● **PROBLEM**
Please copy out the full listing that follows exactly; no picture belongs in the copy.

● **RECORD EXCERPTS**
============

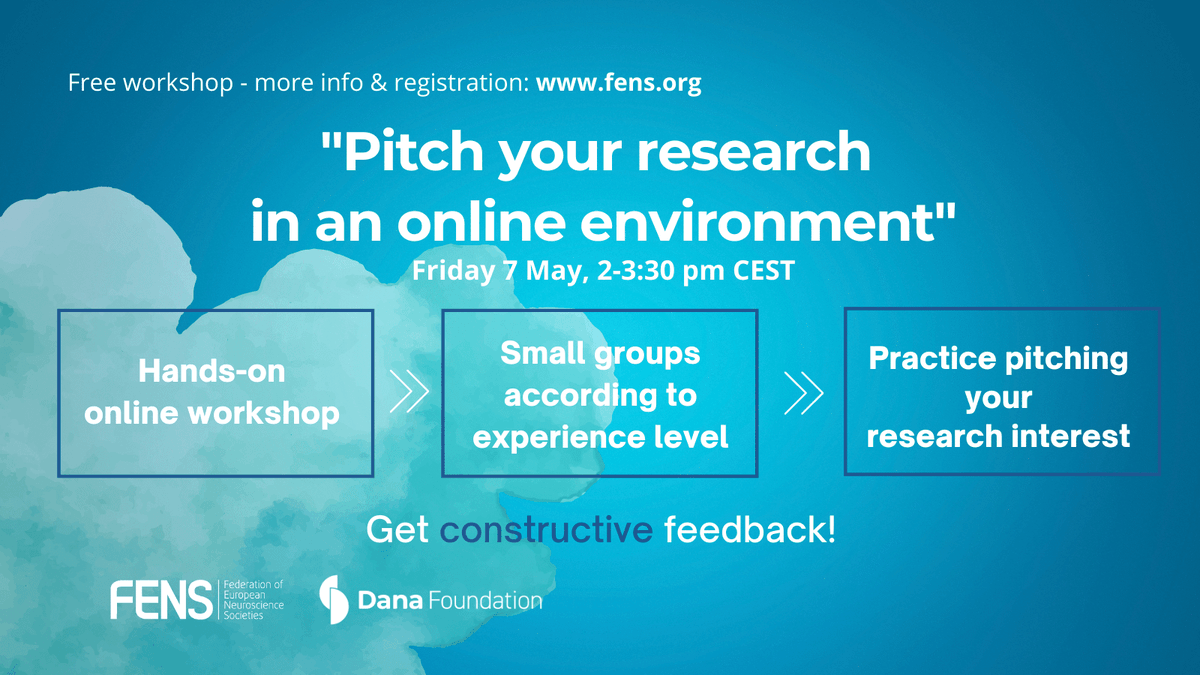 "Pitch your research in an online environment": only a few places left!

Early-career researchers, this workshop will equip you with great tools to present clearly what your research area of interest is about!

Info &amp; registration: loom.ly/3HcfFIo
#neuroscience #scicomm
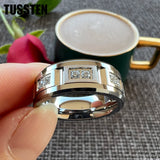 New Arrivals Black CZ Inlay 8MM Tungsten Steel Combination Cool Men's Promise Wedding Bands Rings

============

● **RESPONSE**
 "Pitch your research in an online environment": only a few places left!

Early-career researchers, this workshop will equip you with great tools to present clearly what your research area of interest is about!

Info &amp; registration: loom.ly/3HcfFIo
#neuroscience #scicomm
 New Arrivals Black CZ Inlay 8MM Tungsten Steel Combination Cool Men's Promise Wedding Bands Rings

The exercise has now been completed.